Everyone who plants or pulls up or mows anything in their yard is landscaping. You don't have to do it intensely. But if you do it wisely, every action can work for good. You have probably seen some people who work very hard and never quite come up with a beautiful landscape because they don't have a plan.
While it is still too hot to do much outdoor work is a great time to sit inside and work on planning.
The first rule is to enjoy the process. Landscaping may be something you feel you have to do, but if you go about it right you will find it much more fun than work Remember that it is your yard and you can do whatever you want with it (depending on the limitations of the homeowner's society--which you can work around). For the time you live in this house, the yard will be your immediate world, the only part of the world over which you have this much control. Make the most of it.
Much of the planning will be done in your head and you can do it partly while you are doing other things like driving to work or cleaning the house. You may even get some good ideas in your sleep.
To start your pot of ideas simmering, "Look it over before you louse it up," to quote a wise professor I once had. If you are new to a property, do not do anything expensive or drastic if you can help it for the first year while you live through a cycle of seasons.
Even as your plan evolves, you can plant annuals, perennials, and small shrubs for fast and lasting color.
That doesn't mean that you can't do any gardening for a year. Dig right in with annuals and perennials that you can move if necessary. Plant a few fruit trees that you know for sure you want and one or two shade trees if you have none at all. Take cuttings from other gardeners to get some stock started.
Get some shrubs started but buy small ones that you can move or keep in the container as you finalize your plans. Set them around where you think they'll look good and see how they like the spot. A container garden will may be a good choice for some areas the first season. Just don't forget to water.
Visit public gardens often with an open mind, a pencil and small notebook, and perhaps even a camera. Look over the gardens you pass as you walk or ride through the area.
Write it down. Make notes of when what is blooming, what plants, fruits, and vegetables you like best, what combinations, any special varieties. Carolyn Wildes, whose garden we featured earlier this year ( see Planning Pays in Wildes Garden), has one of the best systems I've seen. She has one notebook with pictures from magazines or of gardens she has seen with ideas, plants, and products she likes and may want to use in the future. She has another notebook that is a journal of the development of her garden from the beginning to the present with photos and lists of plants and varieties and notes of how they are doing at various times. Something like this can save you much time, work, and expense.
Consider your trees first. Plant for some shade but not too much.
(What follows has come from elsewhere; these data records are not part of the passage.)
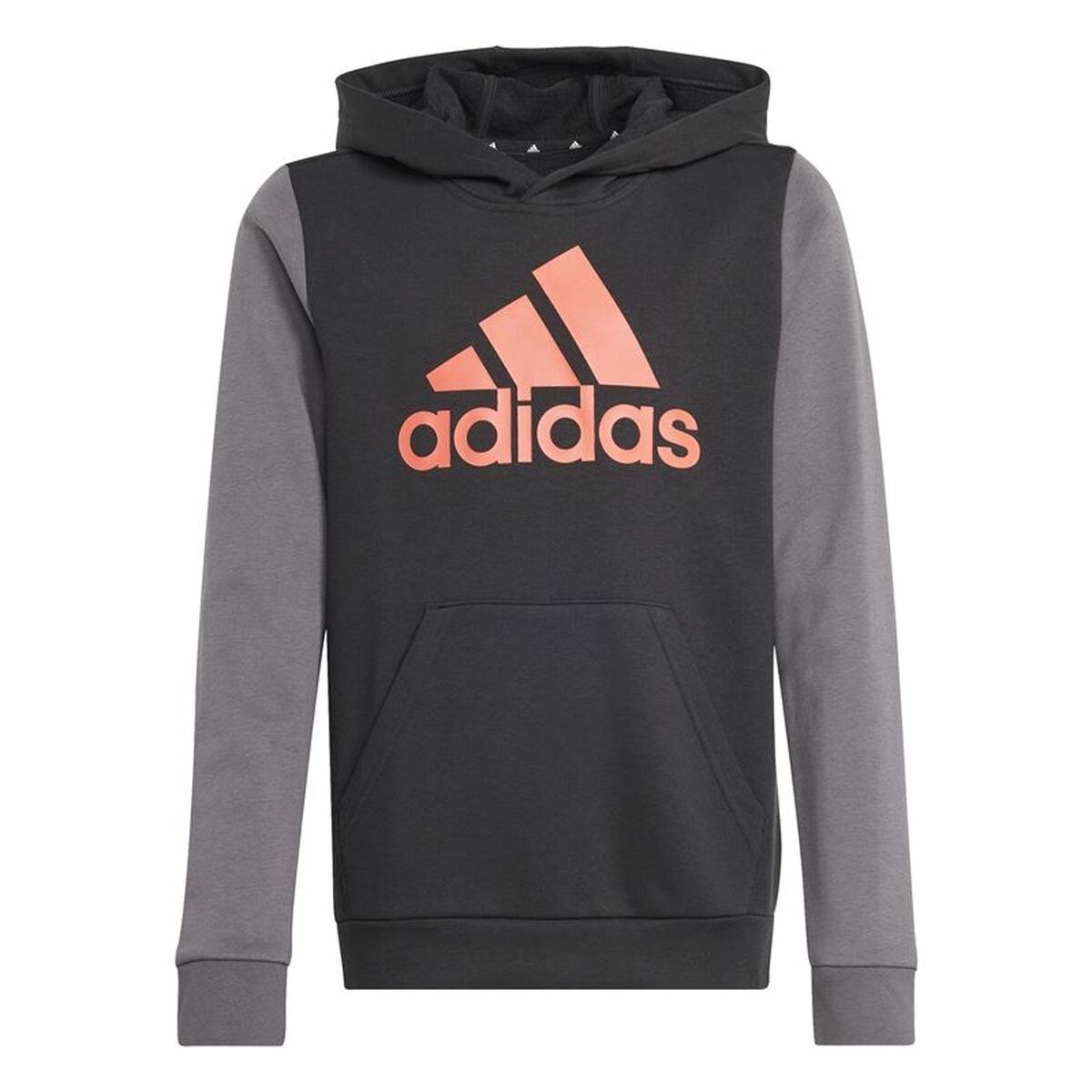 Hooded Sweatshirt for Girls Essentials Grey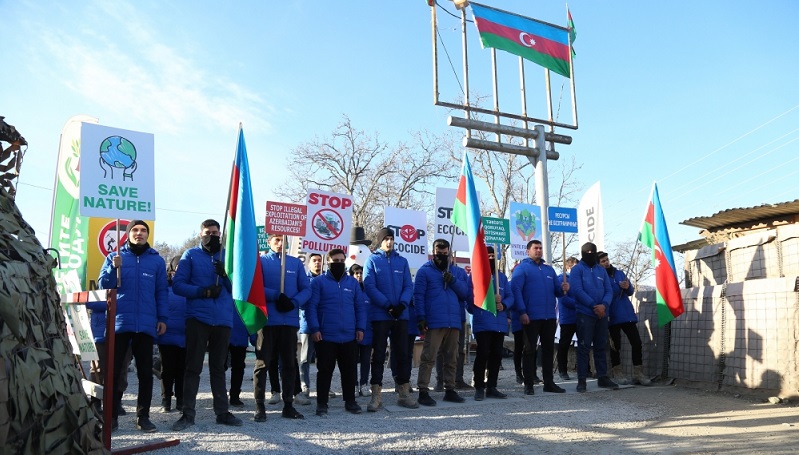 Azerbaijanis peaceful protests enter 21st day on Lachin road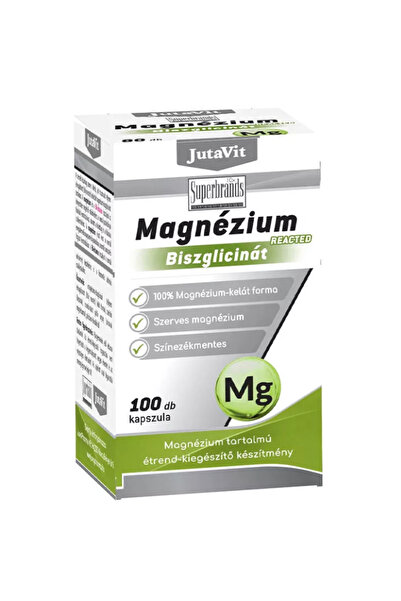 JutaVit Magnesium Bisglycinate, 100 capsules for energy, balance and muscle relaxation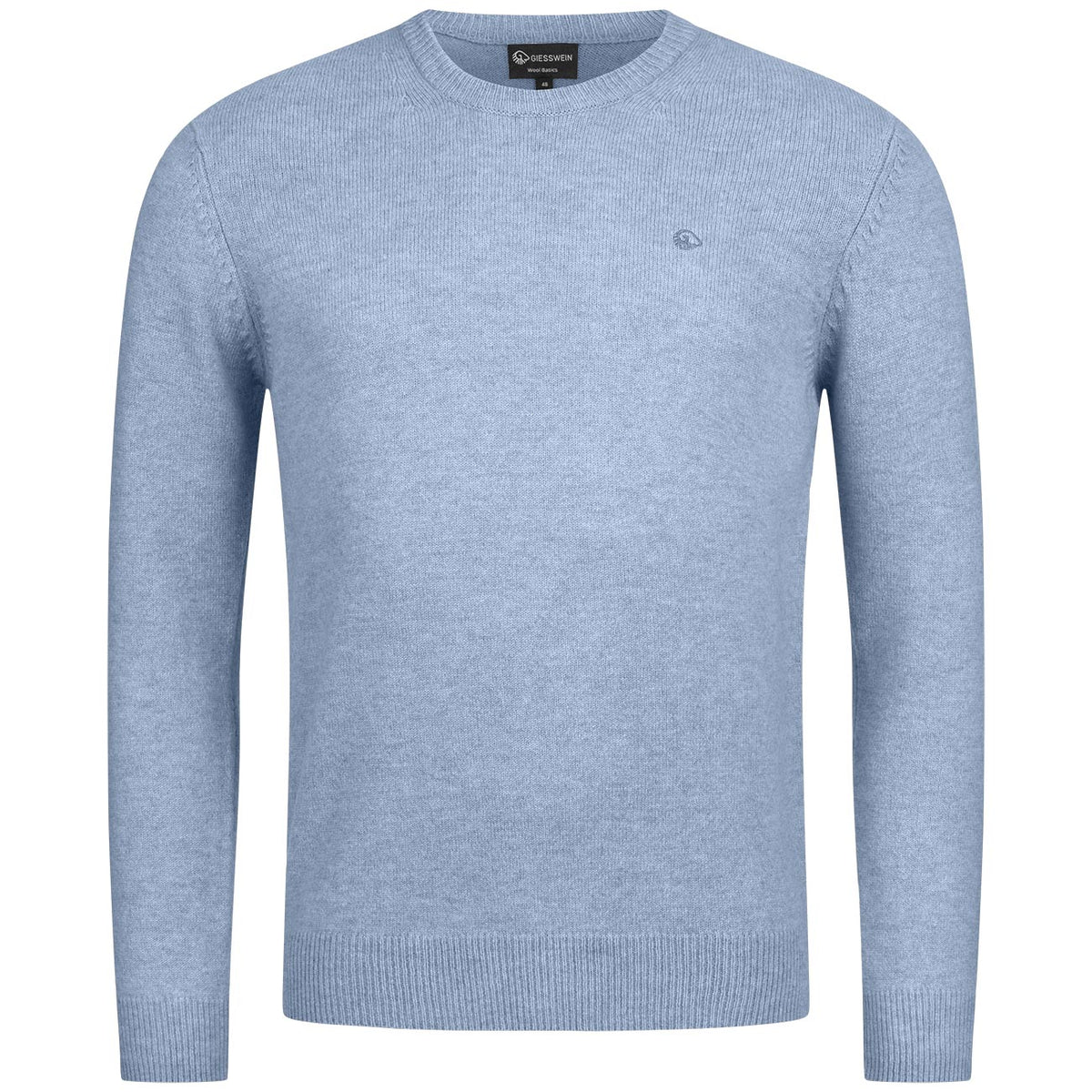 Pull Homme col rond En file de coton et laine Super Doux et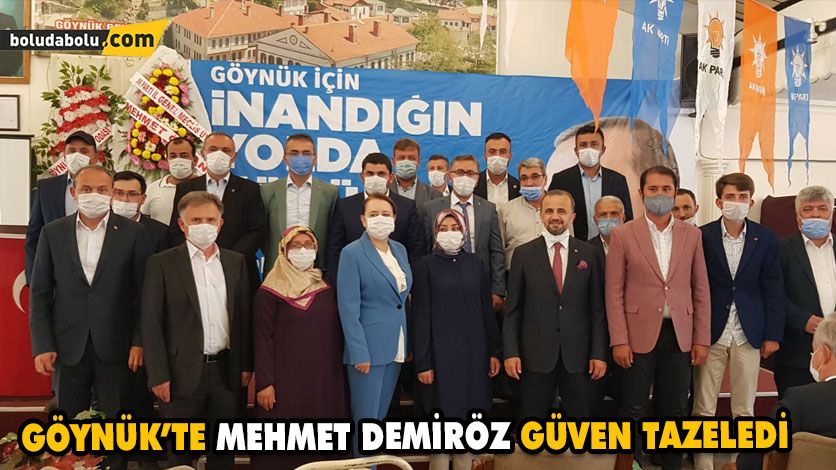 GÖYNÜK’TE MEHMET DEMİRÖZ GÜVEN TAZELEDİ GÖYNÜK’TE MEHMET DEMİRÖZ GÜVEN TAZELEDİ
We'll have more tips soon.
Consider trees first. If you don't know what yours are, find out before you cut anything down. Also find out before you let anything grow up too large for you to remove yourself. Birds and wind will plant some trees that you will treasure and many that you should prune out as seedlings: extra oaks, popcorn trees, golden rain trees, palms, Brazilian pepper trees. Take samples to the extension office if you need help with identification.
Look up before you plant a tree or let one grow. Especially with the threat of storms, we don't want to be the cause of loss of electricity. Plant tall trees well away from utility lines and roof lines. Under the lines and closer to the house you can plant small trees like citrus that will never get tall enough to cause trouble.
Write down what you want from your yard. Entertaining? Sanctuary? Privacy? A clear view of the house? Vegetables, fruits, a play area? What do you need in the way of service areas? A place for dogs or to work on cars or park a boat? Landscaping can make all of that fit in a fine looking garden.